The network can time students. Fortunately such a network already exists and is
being used to teach over 1000 students per year general chemistry.
Addendum: Learning Space
and Networks
If we think of a person’s
knowledge and skills as somehow imprinted on a vast network of neurons in the
brain, then we can realize that this network has certain features. The most
general knowledge and skills or general concepts must have more connections.
For example, Newton’s second law, F=ma, might have a pyramidal or mountain like
shape of network connections.
The mountain continues down
with network connections to the person’s more basic background experiences.
The complexity of a concept
depends on the number of network connections it has or the height of the
mountain. These connections give rise to a unique topography for a given
concept.
When we talk of teaching
and learning, we are talking about the transfer of the teacher’s (or textbook author’s)

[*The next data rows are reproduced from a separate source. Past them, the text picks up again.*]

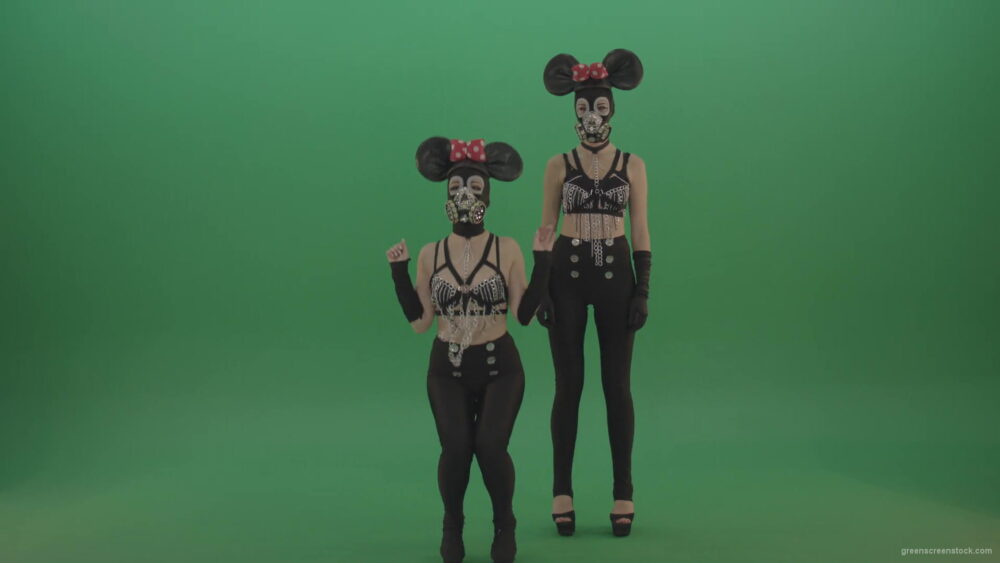 vj video background Girls-in-mouse-costume-have-fun-on-green-screen-1920_003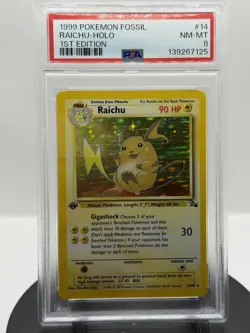 1999 POKEMON FOSSIL 1ST EDITION #14/62 RAICHU- HOLO PSA 8 NM MINT **VINTAGE** - Image 1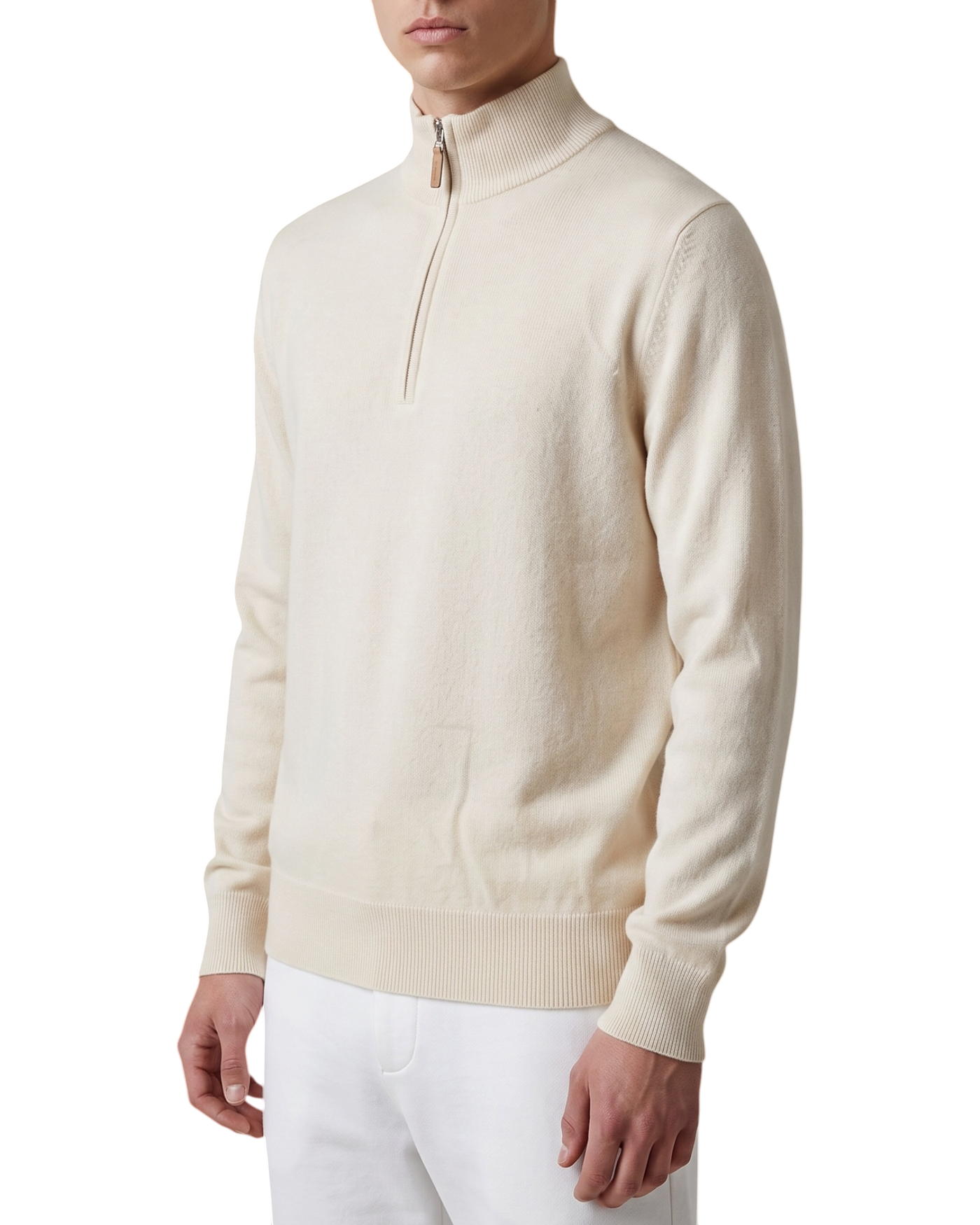 Brunello Cucinelli Half-Zip Cashmere Sweater — Ivory, Size 52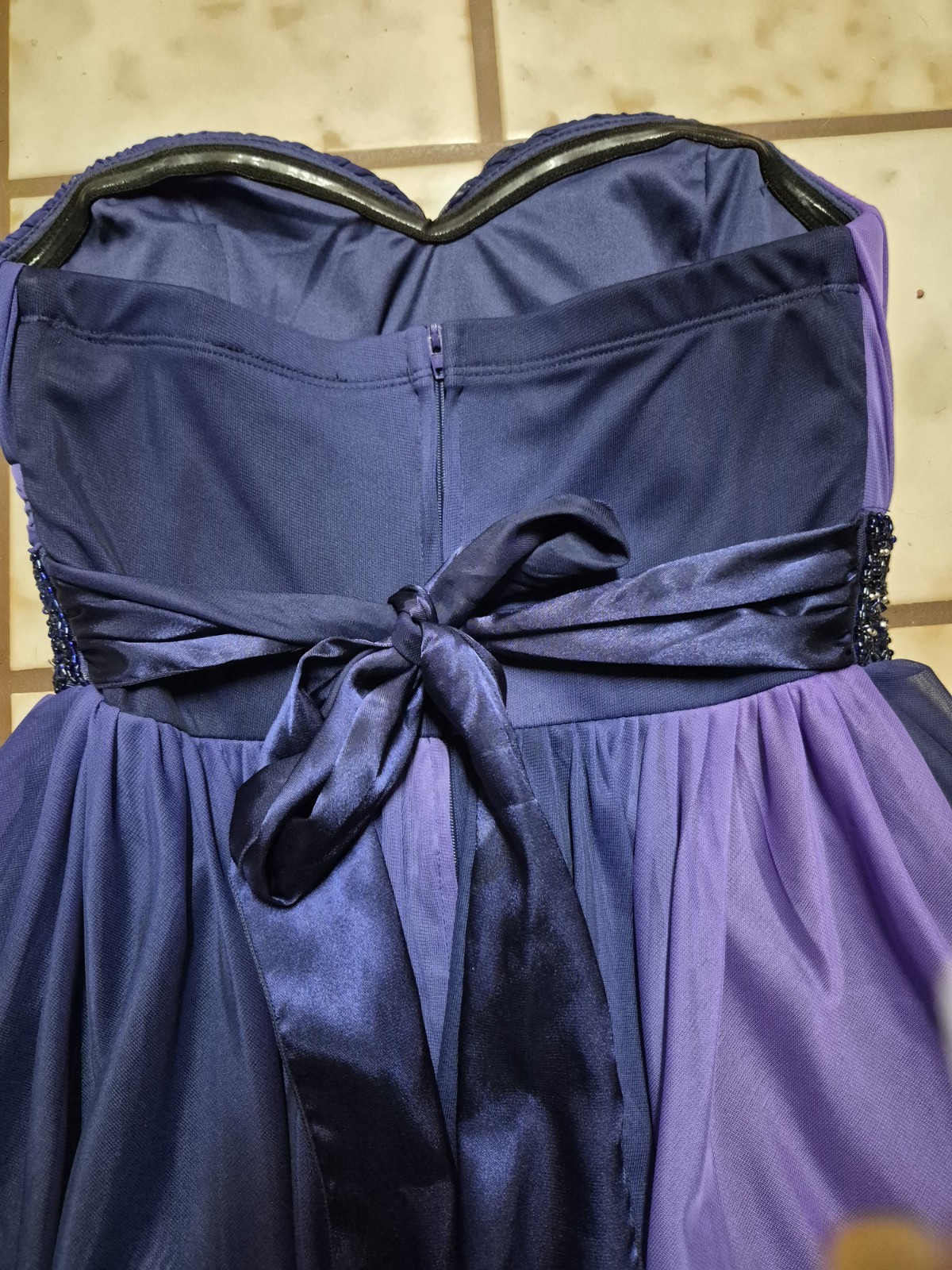 Sequin Hearts Dress Juniors Size 5 Purple & Blue Strapless Party Dance Prom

network of knowledge to the student’s network of knowledge. We can think of the
teacher’s knowledge as the learning space the student must traverse in a
course. We can think of learning as a change of network states, from the
student’s current state to the desired learning space state.
Implanting a network of
knowledge, a change of states, in the student requires energy. It also depends
on the student’s background of knowledge.
State changes also depend
on the student’s ability to efficiently think of new states and test them to
see if they match with the desired state in learning space. This ability
depends on student energy, momentum, concentration and mass. These are
quantifiable parameters.
Momentum: How fast a
student creates new states and compares them to the desired learning space
state.
Energy: This is a function
of the student’s momentum and the time the student can work.
Concentration: How many
network connections the student can work with at a given moment.
.